2012 Latest Caselaw 39 Del

Citation : 2012 Latest Caselaw 39 Del
Judgement Date : 3 January, 2012

Delhi High Court
Schenker India Pvt Ltd vs Sirpur Paper Mills Ltd. on 3 January, 2012
Author: Rajiv Shakdher
$~15
*    IN THE HIGH COURT OF DELHI AT NEW DELHI
                                   Judgment delivered on: 03.01.2012

+     RFA(OS) 77/2010

      SCHENKER INDIA PVT LTD                                   ..... Appellant

                    versus

      SIRPUR PAPER MILLS LTD                                 ..... Respondent

Advocates who appeared in this case:

For the Appellant : Mr. Sandeep Sethi, Sr. Advocate, Amicus Curiae with Mr. Ashutosh Dubey &Mr. Love K.

Sharma, Advocates For the Respondent : Ms. Saloni Nagoria, Advocate

CORAM:

HON'BLE MR. JUSTICE SANJAY KISHAN KAUL HON'BLE MR. JUSTICE RAJIV SHAKDHER

RAJIV SHAKDHER, J (ORAL)

1. The present appeal is preferred against the judgment dated 02.02.2010 passed by the learned Single Judge whereby the suit has been dismissed. The learned Single Judge by the impugned judgment has dismissed the suit broadly on two grounds : (i). firstly, that the suit is barred by limitation and; (ii). secondly, that the delay in re-filing the suit of nearly 204 days, did not deserve to be condoned, in the facts and circumstances of the case.

2. The broad facts, in the background of which, the present suit was

filed by the appellant, who is the original plaintiff in the suit, are as follows :-

2.1. The appellant in the suit has claimed damages in the sum of Rs.5 Crores and a relief for permanent injunction. The appellant avers that it is carrying on the business of freight transporter, both at the international and domestic level; which inter alia requires it to deal with aspects, such as, air cargo, shipping, chartering, consolidation, forwarding, customs clearing and travel agents, etc. 2.2 It appears that the respondent, who is the original defendant, engaged the services of the appellant for providing logistic services. The respondent alleges that there were delays on the part of the appellant in transporting heavy duty machinery from Germany, for which purpose, the services of the appellant had been sought. There were, it appears, difficulties in the execution of this transaction which resulted in allegations of breach of obligation being hurled by each side against the other.

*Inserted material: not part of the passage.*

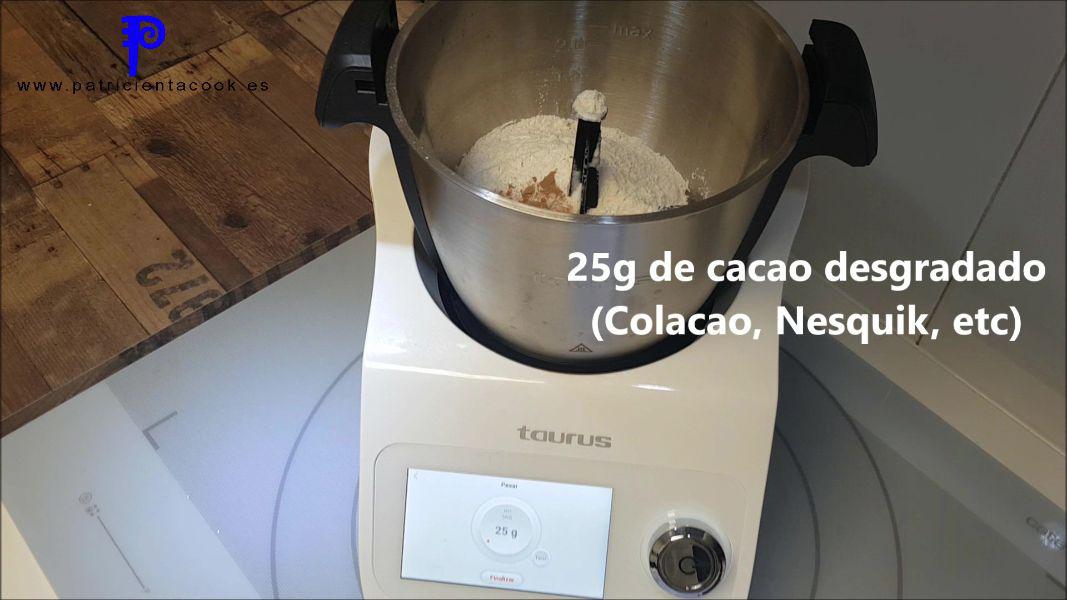 Bizcocho de chocolate en freidora de aire caliente 9 en 1 de Lidl y Trending Cooking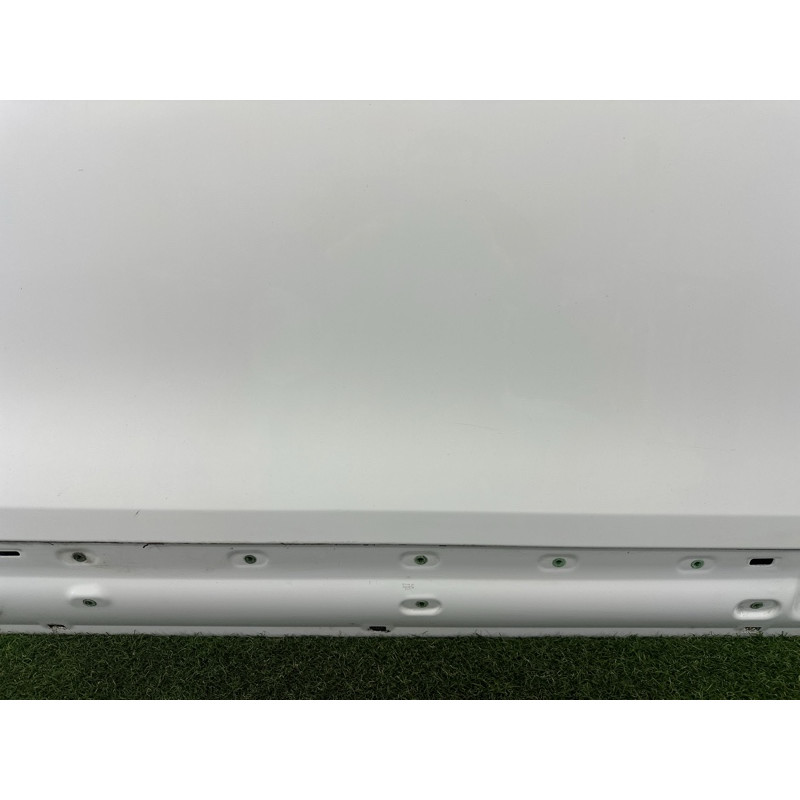 Дверь (наружные элементы кузова) Volkswagen Touareg NF 2011 3.6 7P0831056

2.3 The respondent, it appears, filed a suit for injunction against the appellant, as a consequence of which, certain containers holding the machinery which the appellant had to transport were ultimately released. 2.4 It appears that the respondent also filed a criminal complaint with the Additional Chief Metropolitan Magistrate (in short, ACMM). It is not disputed that the complaint was filed on 26.03.2006 (though on the copy of the complaint appended to the appeal, the date adverted to is : 21.08.2006). It is also not in dispute that the matter was investigated, whereupon a preliminary investigation report was filed by the police.

There is no dispute as regards the fact that in the report it was observed that no cognizable offence was made out as against the appellant. 2.5 Upon the investigation report being filed, an opportunity was granted to the respondent to file a protest petition as against the conclusion drawn in the preliminary investigation report filed by the police.

2.6 The respondent, it appears, did not file a protest petition and consequently, when the matter came up before the learned ACMM, on 24.03.2007, the complaint was dismissed.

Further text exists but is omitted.